━━━ The data
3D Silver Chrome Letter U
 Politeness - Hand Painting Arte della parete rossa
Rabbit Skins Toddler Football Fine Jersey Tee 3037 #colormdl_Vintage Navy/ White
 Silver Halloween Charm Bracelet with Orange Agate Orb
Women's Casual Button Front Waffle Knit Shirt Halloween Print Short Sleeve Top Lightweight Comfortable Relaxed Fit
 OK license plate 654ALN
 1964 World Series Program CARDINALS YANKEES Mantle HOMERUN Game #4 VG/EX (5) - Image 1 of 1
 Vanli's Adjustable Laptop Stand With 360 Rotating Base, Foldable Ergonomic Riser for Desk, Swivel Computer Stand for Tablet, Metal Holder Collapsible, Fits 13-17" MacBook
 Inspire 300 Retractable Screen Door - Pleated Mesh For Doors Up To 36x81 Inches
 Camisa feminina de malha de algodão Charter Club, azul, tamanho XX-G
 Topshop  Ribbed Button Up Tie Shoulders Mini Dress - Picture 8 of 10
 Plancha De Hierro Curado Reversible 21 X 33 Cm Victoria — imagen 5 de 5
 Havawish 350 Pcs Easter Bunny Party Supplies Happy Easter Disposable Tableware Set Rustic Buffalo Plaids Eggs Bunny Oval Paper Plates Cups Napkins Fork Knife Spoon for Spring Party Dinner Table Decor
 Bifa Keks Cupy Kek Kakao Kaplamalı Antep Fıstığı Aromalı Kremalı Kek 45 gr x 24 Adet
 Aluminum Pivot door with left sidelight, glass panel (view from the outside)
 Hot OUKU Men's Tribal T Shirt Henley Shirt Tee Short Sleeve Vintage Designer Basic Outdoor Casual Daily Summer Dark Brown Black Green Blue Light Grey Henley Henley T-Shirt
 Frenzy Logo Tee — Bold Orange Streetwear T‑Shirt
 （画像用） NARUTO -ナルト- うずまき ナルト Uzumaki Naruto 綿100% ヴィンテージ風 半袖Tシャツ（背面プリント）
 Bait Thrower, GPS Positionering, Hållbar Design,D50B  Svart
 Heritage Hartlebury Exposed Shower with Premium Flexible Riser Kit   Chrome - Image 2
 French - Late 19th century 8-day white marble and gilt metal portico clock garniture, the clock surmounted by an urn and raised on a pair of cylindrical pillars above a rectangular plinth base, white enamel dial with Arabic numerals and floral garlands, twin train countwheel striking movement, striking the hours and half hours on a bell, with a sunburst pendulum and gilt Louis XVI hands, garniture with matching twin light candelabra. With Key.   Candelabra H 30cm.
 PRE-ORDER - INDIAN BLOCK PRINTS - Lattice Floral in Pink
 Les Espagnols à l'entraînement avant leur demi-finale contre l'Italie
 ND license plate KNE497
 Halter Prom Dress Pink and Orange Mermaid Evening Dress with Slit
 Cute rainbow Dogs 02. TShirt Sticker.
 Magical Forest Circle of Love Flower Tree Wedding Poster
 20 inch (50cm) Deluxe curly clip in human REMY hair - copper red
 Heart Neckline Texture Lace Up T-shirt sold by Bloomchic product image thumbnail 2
━━━━━━
### Problem statement
Starting from the line containing "20 inch (50cm)" and ending with the final line of the data, reproduce each line exactly as it appears, including no other lines.

### Task solution
 20 inch (50cm) Deluxe curly clip in human REMY hair - copper red
 Heart Neckline Texture Lace Up T-shirt sold by Bloomchic product image thumbnail 2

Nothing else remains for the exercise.